On Monday, Financial Engines announced that it was being taken private by the respected private equity firm Hellman & Friedman for $3 billion in cash, a 30% premium over the pre-announcement closing price.
Financial Engines will merge with Edelman Financial, the $21 billion national RIA that H&F acquired three years ago for what was then reported as a purchase price of over $850 million. I've written in the past about the rise of the mega firms. Clearly, the combined company is one of the wealth management firms likely to become a nationally dominant firm.
The next big thing
This blockbuster deal is a very exciting development for our industry. H&F has committed almost $4 billion in capital to the wealth management industry. This is particularly interesting when one considers recent reports suggesting that valuations on certain robos has been on the decline.
PE firms don't take big bets, they make reasoned long-term investments. So what are the big trends that would make this acquisition a good investment over the long term? How might those trends impact the wealth management industry?
• The power of mega distribution. A couple of years ago Financial Engines acquired The Mutual Fund Store in what was an opportunity for the largest independent 401(k) adviser (and the original robo-adviser) to pick up rollover assets from plan participants and offer human-led advisory services to executives. This time around, the owner of Edelman Financial Services, a firm with offices around the country that services a larger average client than the Mutual Fund Store, looks to use the 401(k) client base as the centerpiece for building a major national wealth management firm. It can use its size to drive cost efficiencies from vendors and derive multiple areas of synergy across the platform.

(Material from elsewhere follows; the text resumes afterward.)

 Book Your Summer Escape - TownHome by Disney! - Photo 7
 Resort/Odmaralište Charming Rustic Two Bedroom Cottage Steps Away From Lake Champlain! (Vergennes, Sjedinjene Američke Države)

• Continued blending of technology and people. The winning combination for wealth management in the future mixes humans with a heavy dose of technological help. The new Financial Engines/Edelman combo will be one of the largest bionic firms. No doubt the new combination will seek to expand its reach and continue to invest in marketing, research and development to deploy technology across its platform. How much does the typical independent firm spend on research and development and brand building? How will they compete in this ever more competitive world?
• Exponential growth in a clearly defined market. The real secret to this transaction is the belief that a meaningful portion of the $169 billion in plan assets on which Financial Engines advises will need human help and guidance once participants leave their existing employer. But why not start early as well? The 401(k) plan is a Trojan horse to building a larger, more substantive relationship with clients now and into the future. How will it work? I presume Ric Edelman and his team will provide educational seminars nationally to help teach existing plan participants, but also to identify and convert some of those folks into full-fledged human advice relationships along the way. How many independent firms have such a clearly articulated growth strategy?
How to compete
Financial Engines already has a direct relationship with more than $169 billion in plan assets, a relationship that was not being optimized successfully. In order for the new firm to deliver an attractive return, it needs to provide services to the billions of plan assets that roll out of its plans annually.

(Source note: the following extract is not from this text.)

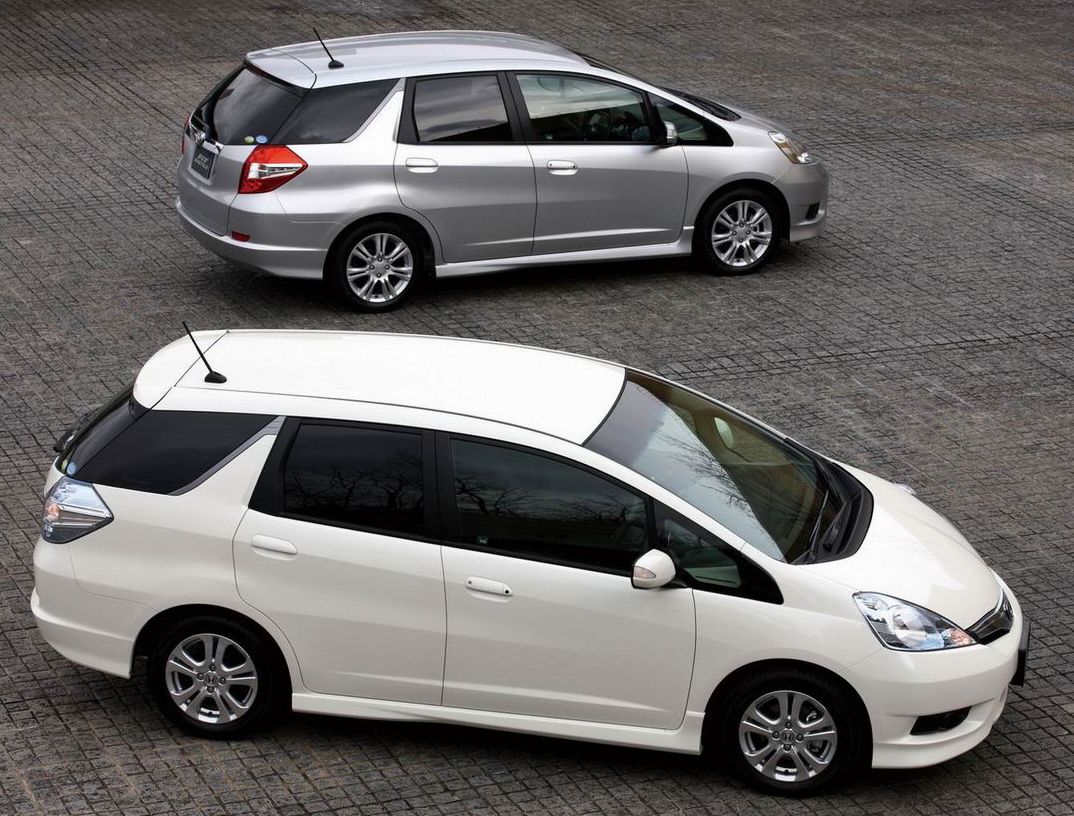 Honda () Fit Shuttle I (GG, GP):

This will mean a new competitor to the custodians and mutual fund companies all angling to pick up the billions of dollars of retirement assets available once employees roll out of the corporate plan. It will also mean heightened competition for independent wealth managers who were once accustomed to being first in line to capture IRA rollovers. Is it any wonder it's getting harder for independent firms to capture new rollover assets?

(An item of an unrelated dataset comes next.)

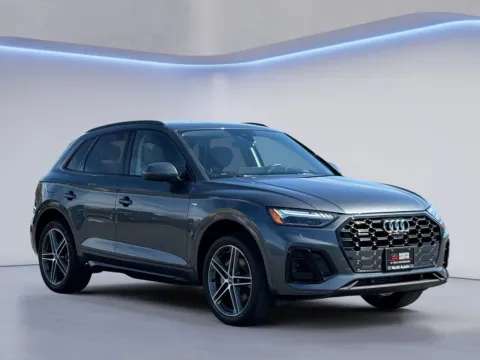 More photos of 2023 Audi Q5 S line Prestige at Audi North Austin, TX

If you want your advisory firm to grow exponentially into the next decade, I believe this merger lays the blueprint for what it will take: a willingness to commit boldly to expansion and growth, the integrated use of evolving technology throughout your firm, and a clearly articulated target market you can access and serve profitably.
I tip my hat to Ric and the team at H&F. If they can coordinate all of the components in the right way, they have the opportunity to build a phenomenal institution. Any independent firm can change its future, but how many are brave enough to change the status quo in order to get to the next level?